- **Task to carry out**:
Copy word for word, please, the lines of the entries below running from the one containing "Bạn gái Hiệp Gà như gái đôi mươi - Ảnh 1." to the one containing "Ensemble de Bijoux", both ends included.

[Opening Record set section]

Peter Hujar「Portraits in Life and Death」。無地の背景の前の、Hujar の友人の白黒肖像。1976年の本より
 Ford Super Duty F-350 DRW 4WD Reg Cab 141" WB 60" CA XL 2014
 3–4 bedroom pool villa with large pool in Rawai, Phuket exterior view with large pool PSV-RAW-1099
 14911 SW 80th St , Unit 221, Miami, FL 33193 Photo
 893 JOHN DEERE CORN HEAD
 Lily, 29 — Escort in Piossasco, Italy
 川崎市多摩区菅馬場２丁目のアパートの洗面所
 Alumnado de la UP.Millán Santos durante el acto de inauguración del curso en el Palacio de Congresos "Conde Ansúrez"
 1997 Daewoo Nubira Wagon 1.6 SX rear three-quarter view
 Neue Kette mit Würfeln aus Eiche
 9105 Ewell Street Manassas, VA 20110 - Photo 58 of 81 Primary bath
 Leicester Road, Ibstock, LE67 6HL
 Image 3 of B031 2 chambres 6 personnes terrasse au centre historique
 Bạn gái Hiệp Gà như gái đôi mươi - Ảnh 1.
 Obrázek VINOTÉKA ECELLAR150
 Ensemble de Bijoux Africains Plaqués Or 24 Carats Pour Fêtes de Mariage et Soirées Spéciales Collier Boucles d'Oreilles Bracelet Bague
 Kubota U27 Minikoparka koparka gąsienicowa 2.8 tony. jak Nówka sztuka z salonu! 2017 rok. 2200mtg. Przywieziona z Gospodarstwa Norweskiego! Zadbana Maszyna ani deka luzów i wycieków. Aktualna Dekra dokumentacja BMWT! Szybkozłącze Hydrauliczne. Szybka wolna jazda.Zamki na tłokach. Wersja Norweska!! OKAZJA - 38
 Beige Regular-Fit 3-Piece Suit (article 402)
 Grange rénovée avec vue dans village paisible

[Closing Record set section]

- **Solution**:
 Bạn gái Hiệp Gà như gái đôi mươi - Ảnh 1.
 Obrázek VINOTÉKA ECELLAR150
 Ensemble de Bijoux Africains Plaqués Or 24 Carats Pour Fêtes de Mariage et Soirées Spéciales Collier Boucles d'Oreilles Bracelet Bague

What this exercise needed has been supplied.